* Activity *
Copy the listing that follows exactly. Its pictures do not belong in the copy.

BEGIN

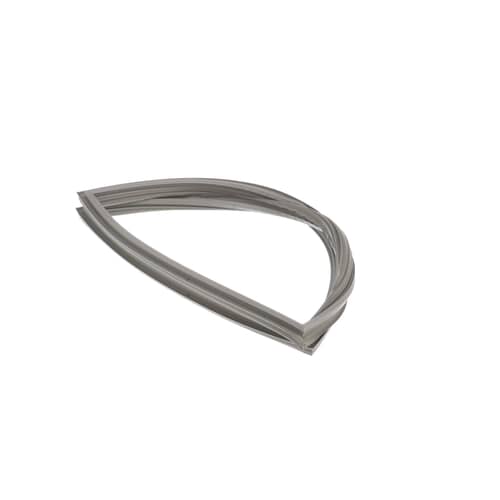 Whirlpool Refrigerator Freezer Door Gasket - WPW10443324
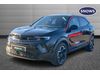 Vauxhall Mokka 1.2 Turbo GS Euro 6 (s/s) 5dr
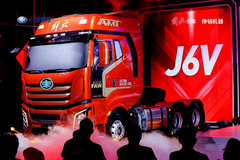 ����ս��Ԧ��ǰ�У������ն��117��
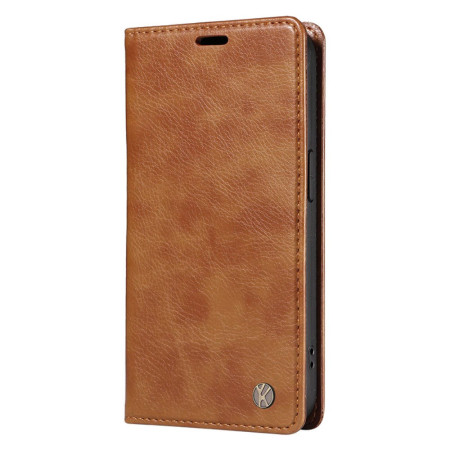 Flip Cover Xiaomi 13T / 13T...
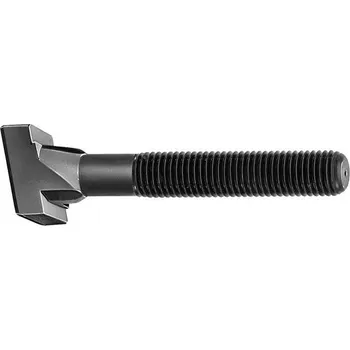 Dílna Šroub rhombus m12x14x50mm amf 87296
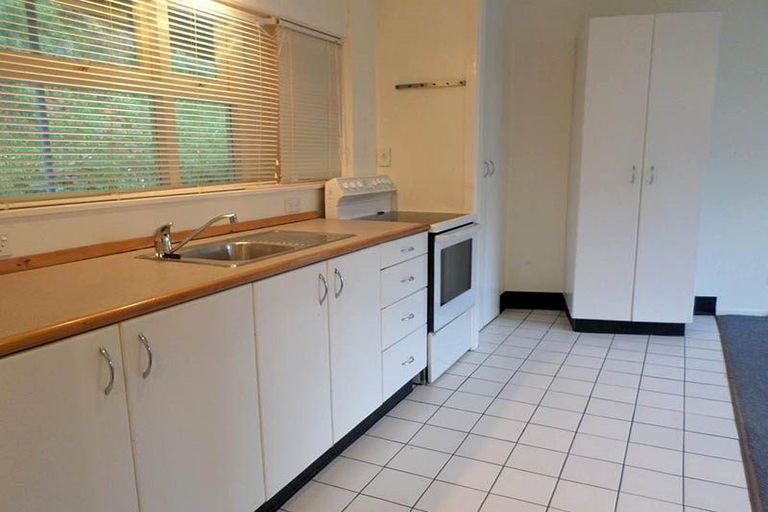 Photo of property in Parkland Flats, 16/51 Adams Terrace, Kelburn, Wellington, 6021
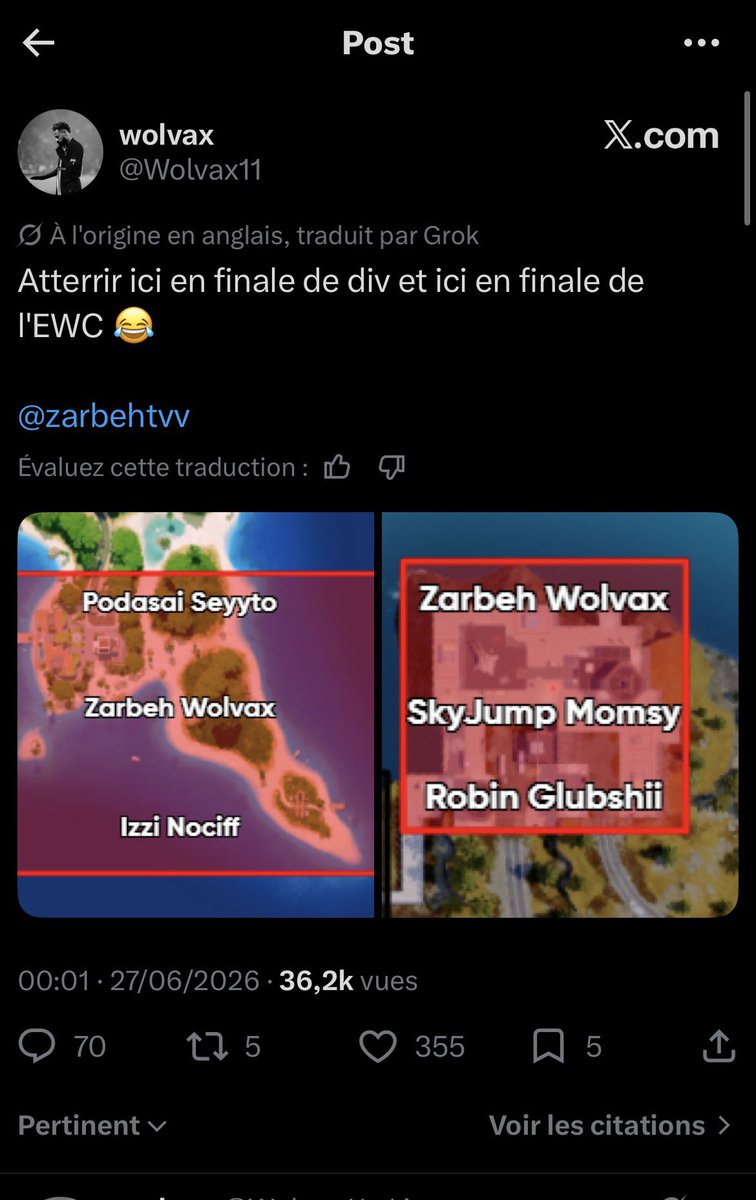Ryze Neytow tweet media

END

* Answer section *
 Whirlpool Refrigerator Freezer Door Gasket - WPW10443324
 Vauxhall Mokka 1.2 Turbo GS Euro 6 (s/s) 5dr
 ����ս��Ԧ��ǰ�У������ն��117��
 Flip Cover Xiaomi 13T / 13T...
 Dílna Šroub rhombus m12x14x50mm amf 87296
 Photo of property in Parkland Flats, 16/51 Adams Terrace, Kelburn, Wellington, 6021
Ryze Neytow tweet media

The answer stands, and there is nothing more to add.